And hast made us unto our God kings and priests: and we shall reign on the earth.

For fathers, their children and wife are their crown (i.e. a sign of how well you manage what God has given you). If you have applied good principles, then there will be a successful kingdom, also known as a family. If there is a lack of principles, or engaging with citizens then there will be a lack of order.

Speaking of which, your wife is part of the management structure, not just mere a citizen. I just thought to clear that up as not to leave any room for confusion in that regard.

Therefore, a dad’s primary duty is creating a sense of order in the house. This makes Mom’s role much easier and the house is therefore much more functional. How do I create order? Well, it should start with acknowledging who really is King of the house.

Ephesians 5:23 KJV

For the husband is the head of the wife, even as Christ is the head of the church: and He is the saviour of the body.

If you are King, then your shortcomings are the standard by which your children will measure right from wrong. If God is King, then your ability to confess your shortcomings will ring true to the fact that everyone in the house is under God’s sovereignty.

So, No. 1, Confess openly in front of your children.

From this position, you are responsible for applying and teaching God’s principles as a representative of His Kingdom. No King can rule without a kingdom. Therefore, if you are not King, then the family is not your kingdom, and it is simply your calling to guide them as citizens and children of His Kingdom and His Family (The Corporate Body of Christ). This sounds easy, but it comes at a cost. You have to lay down your crown, your sense of ownership and entitlement, in order to do as He pleases.

No. 2 is submission to His rulership.

The passage in Ephesians 5 is self-explanatory. It is only through submission to Messiah that we are granted rightful, delegated authority.

Then, No. 3 is completely contrary to our feelings and reasonings: Hand over your crown!

Revelation 4 : 10 – 11

“…the twenty-four elders fell facedown before the One seated upon the throne and they worshipped the One who lives forever and ever. And they surrendered their crowns before the throne singing: You are worthy, our LORD and God, To receive glory, honour and power, For You created all things, And for your pleasure they were created and exist.”

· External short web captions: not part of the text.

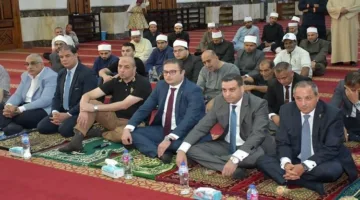 محافظ بورسعيد يشارك في احتفالات المولد النبوي الشريف بجامع العباسي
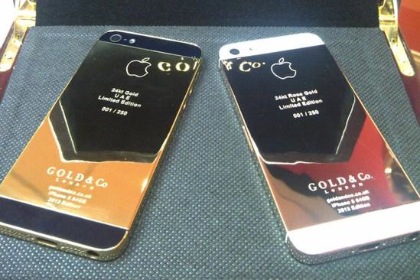 24-Karat Gold iPhone 5 für 4.700 Dollar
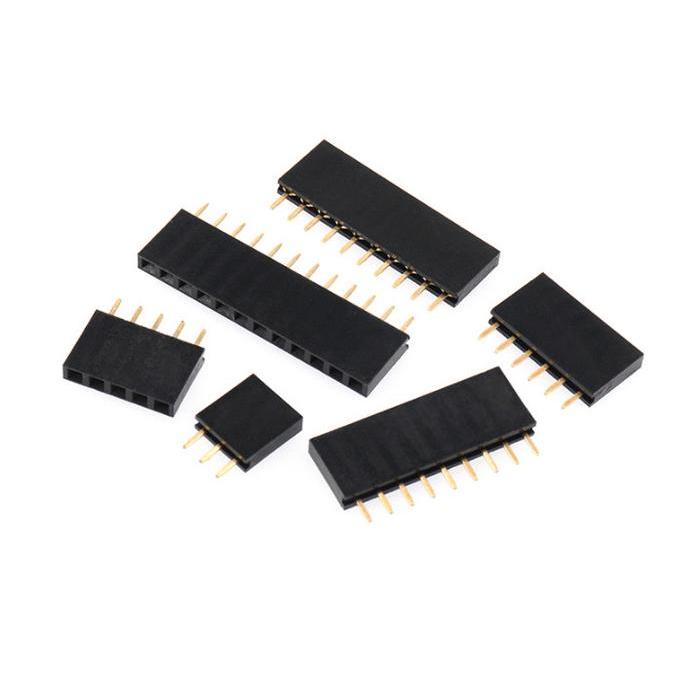 Jual Female Header 1x3 1x4 1x5 1x6 1x8 1x10 1x6 Straight Pin Lurus ...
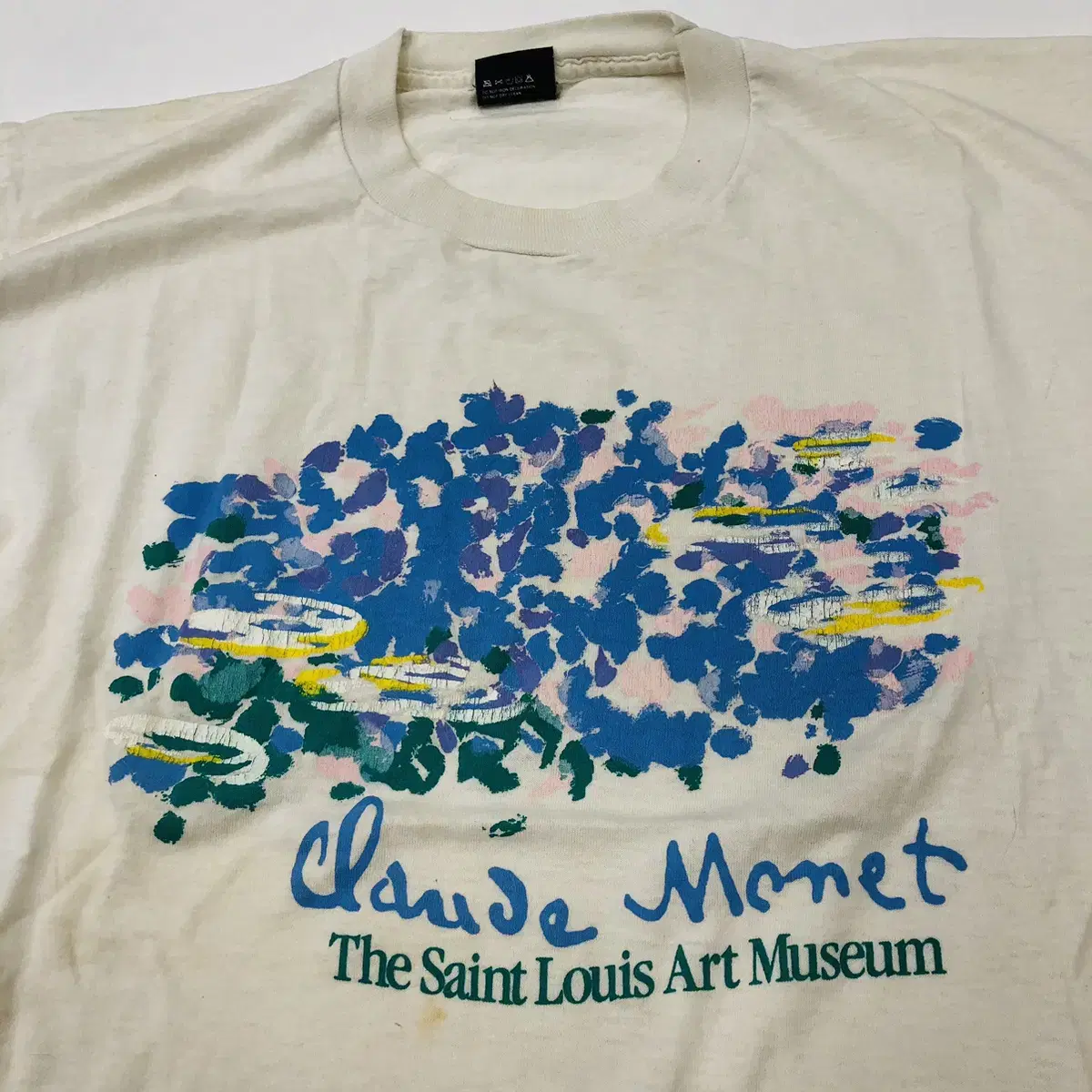 80s 빈티지 모네 monet art 뮤지엄 반팔 티셔츠 museum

The 24 elders of Revelation acted in response to the greatness and glory of this King, by giving to Him what is most precious to themselves.

However, God has no need to collect gold, only to refine gold in order for it to shine more brightly. By handing over our crowns (our families) we are allowing God to “clean” not only the hearts of our family, but we are also inviting Him to change our thinking. Crowns go on a head, right?

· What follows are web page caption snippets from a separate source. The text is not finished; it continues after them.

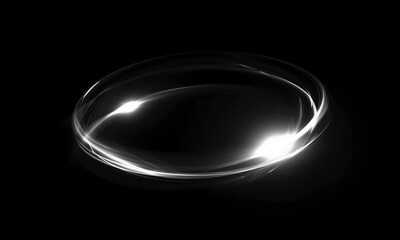Wall Mural - glow swirl light effect. circular lens flare. abstract rotational lines on transparent background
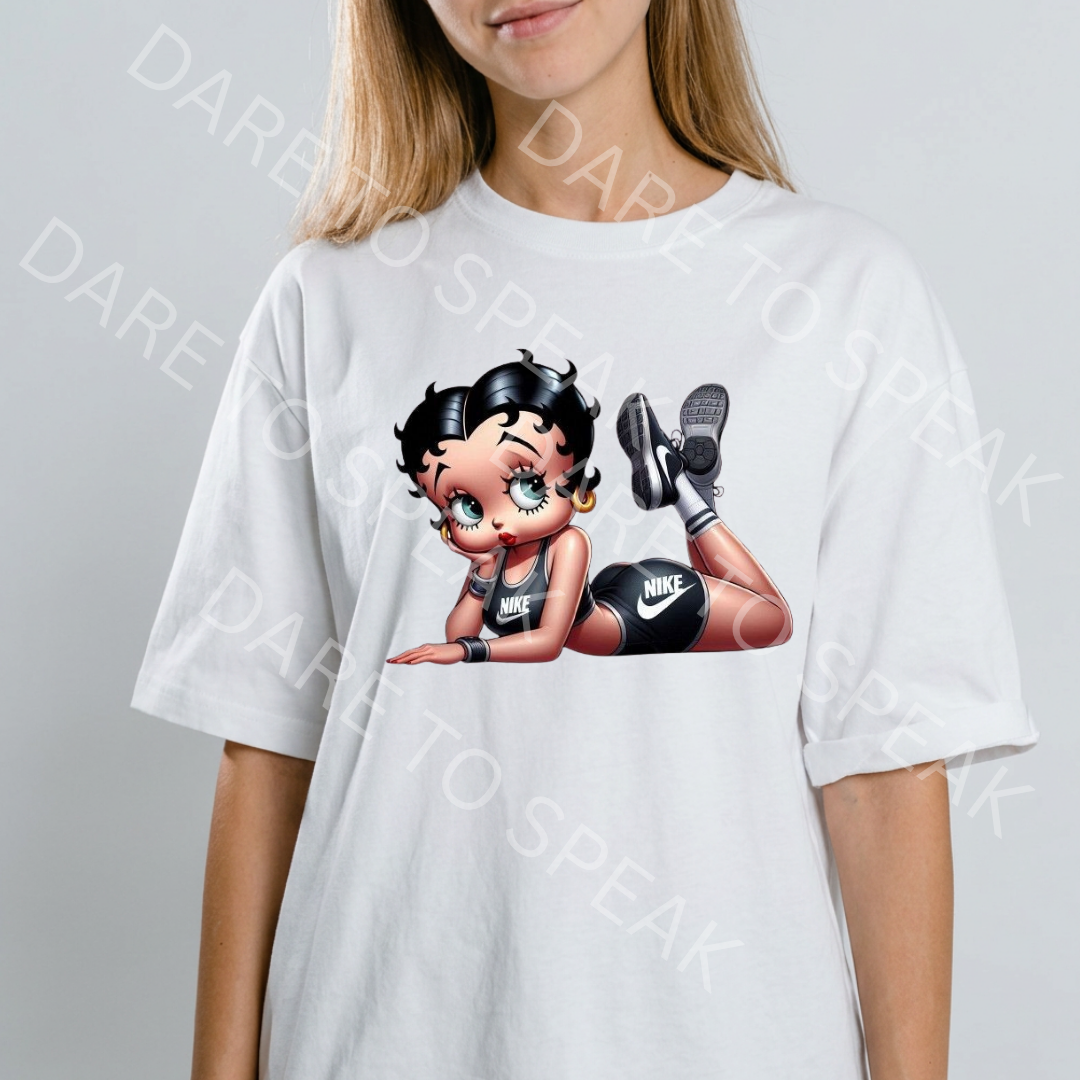 Betty Boop Nike T-shirt mockup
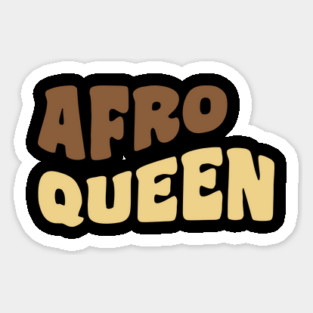 Afro Queen, Black Queen, Black Woman Magnet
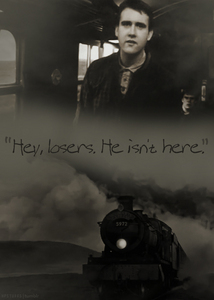  What do toi think happened after Neville told Death Eaters on Hogwarts Express : "Hey, losers! He isn't here" ? (DH 1)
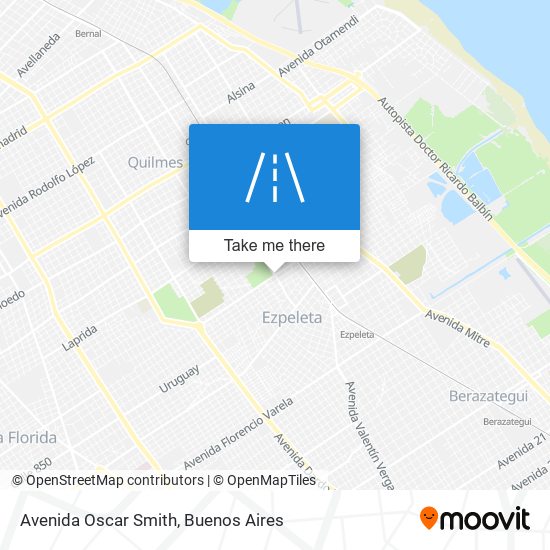 Avenida Oscar Smith map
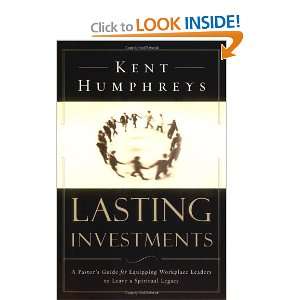  Lasting Investments A Pastors Guide for Equipping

Now, to summarize, I strongly suggest:

No. 1 : You are a son in His house too – confess openly. Start by confessing your fears. The enemy can do far more damage with things hidden than things that are out in the light of Truth.

No. 2: Submit to His rulership. Do not allow your personal kingdom mandate to clash with the heavenly kingdom mandate. Allow the submission to shape your role as his representative of God, the Father.

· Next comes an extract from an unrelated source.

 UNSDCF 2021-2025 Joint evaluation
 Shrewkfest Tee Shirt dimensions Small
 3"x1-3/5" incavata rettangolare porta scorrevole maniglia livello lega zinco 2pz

No. 3: Ownership – Hand over your crown. Offer up your thoughts and views and allow Him to show you His way of thinking on a matter. His ways are higher and His thoughts are higher.

May you find great peace in knowing that you were never meant to do this (parenting) alone! God always intended Himself to be the Cornerstone of it all. Now that you know, may your house become a place of order, a place of light, of joy and of the fruit of fellowship as your family grows in the character of the Living God.